--- START ---
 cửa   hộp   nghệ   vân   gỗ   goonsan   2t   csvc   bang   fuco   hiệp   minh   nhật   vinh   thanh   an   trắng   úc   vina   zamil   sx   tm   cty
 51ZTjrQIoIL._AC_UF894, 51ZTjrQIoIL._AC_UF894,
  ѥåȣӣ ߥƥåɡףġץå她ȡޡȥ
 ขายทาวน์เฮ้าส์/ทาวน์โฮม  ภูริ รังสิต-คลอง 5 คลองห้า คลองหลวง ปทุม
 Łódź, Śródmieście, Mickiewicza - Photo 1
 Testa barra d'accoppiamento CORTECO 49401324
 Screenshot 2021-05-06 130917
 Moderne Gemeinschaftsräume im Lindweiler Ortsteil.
--- END ---
--- START ---
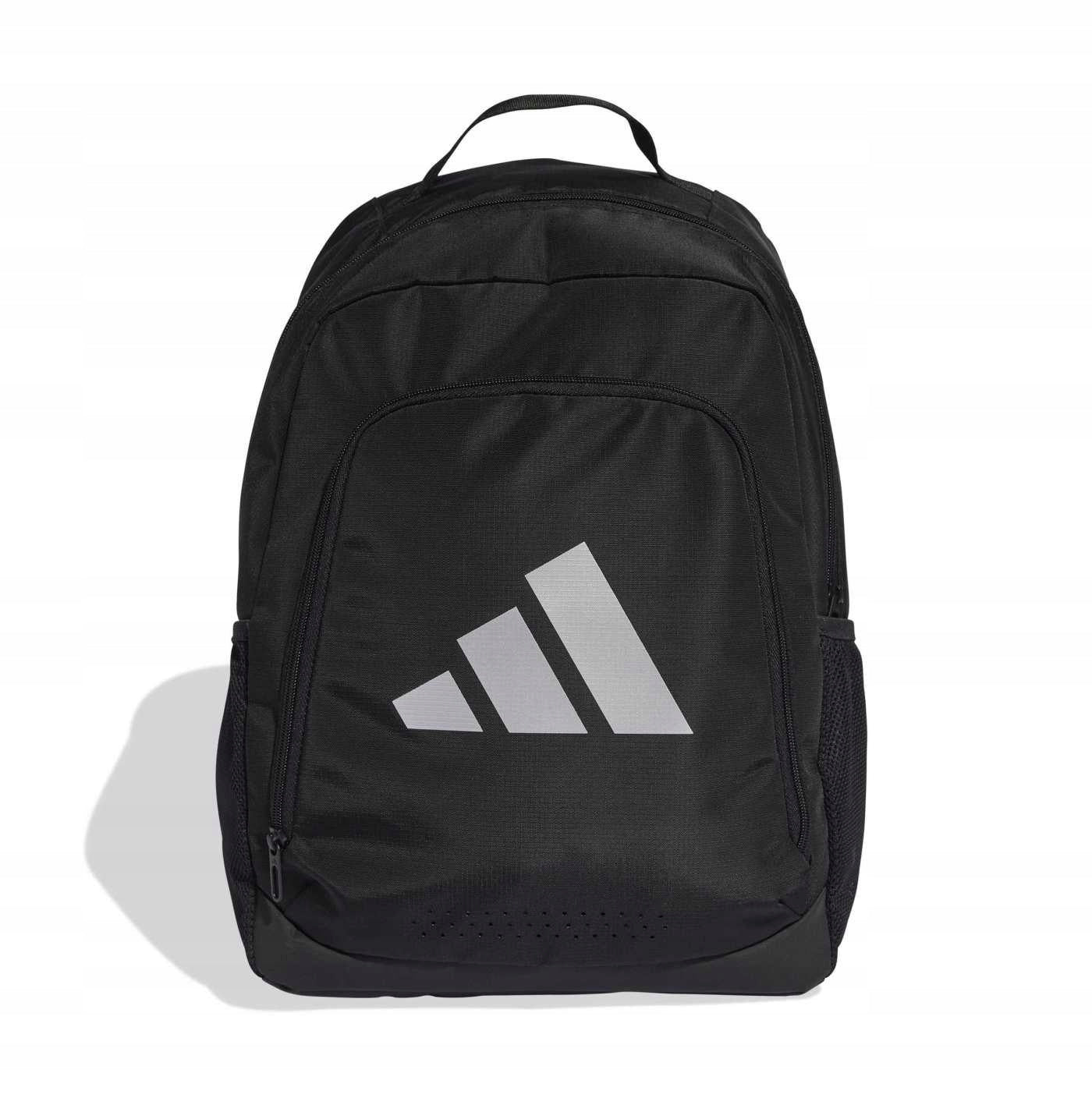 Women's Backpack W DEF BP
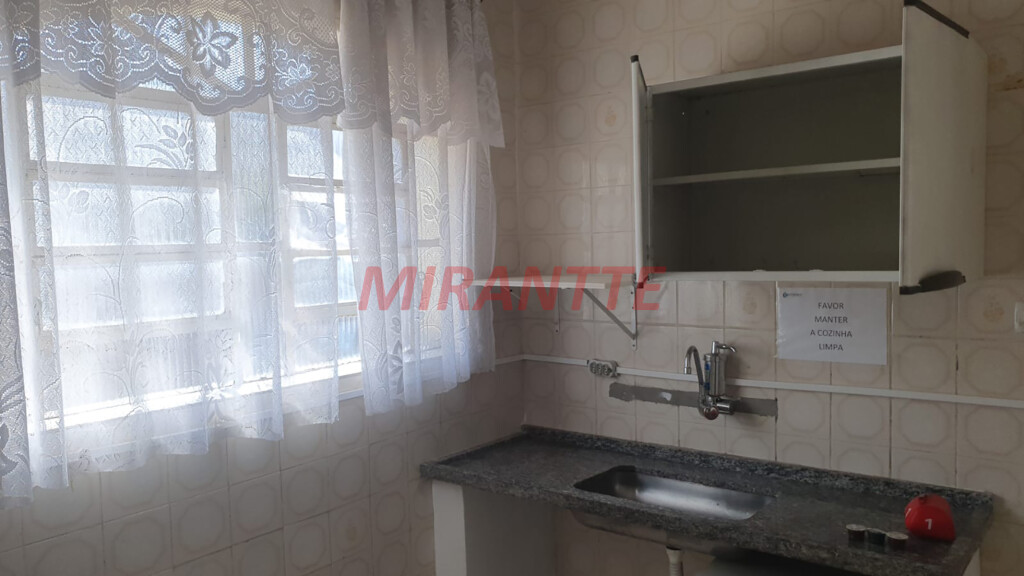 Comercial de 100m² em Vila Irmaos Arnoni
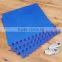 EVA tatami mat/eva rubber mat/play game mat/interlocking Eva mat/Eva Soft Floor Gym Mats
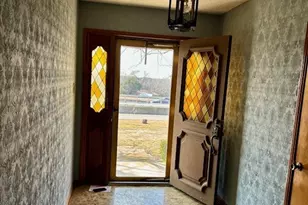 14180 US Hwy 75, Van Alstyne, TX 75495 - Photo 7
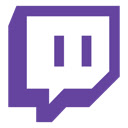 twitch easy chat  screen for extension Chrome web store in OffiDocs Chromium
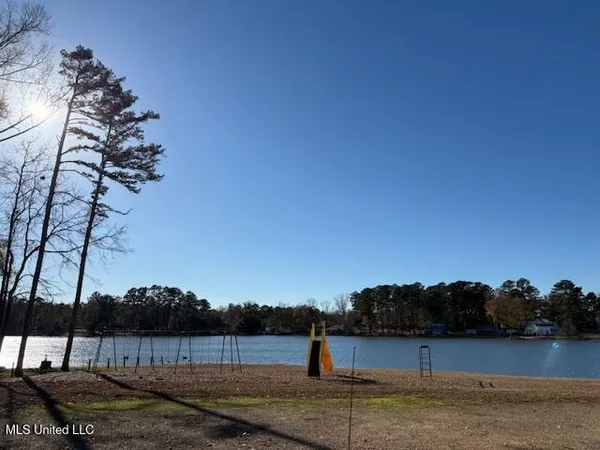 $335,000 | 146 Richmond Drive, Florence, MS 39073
--- END ---
Prompt
Beginning with the line holding "Łódź, Śródmieście, Mickiewicza - Photo 1" and ending with the line holding "Moderne Gemeinschaftsräume im", write out the stretch of material above exactly; add no further lines.

Output for this exercise
 Łódź, Śródmieście, Mickiewicza - Photo 1
 Testa barra d'accoppiamento CORTECO 49401324
 Screenshot 2021-05-06 130917
 Moderne Gemeinschaftsräume im Lindweiler Ortsteil.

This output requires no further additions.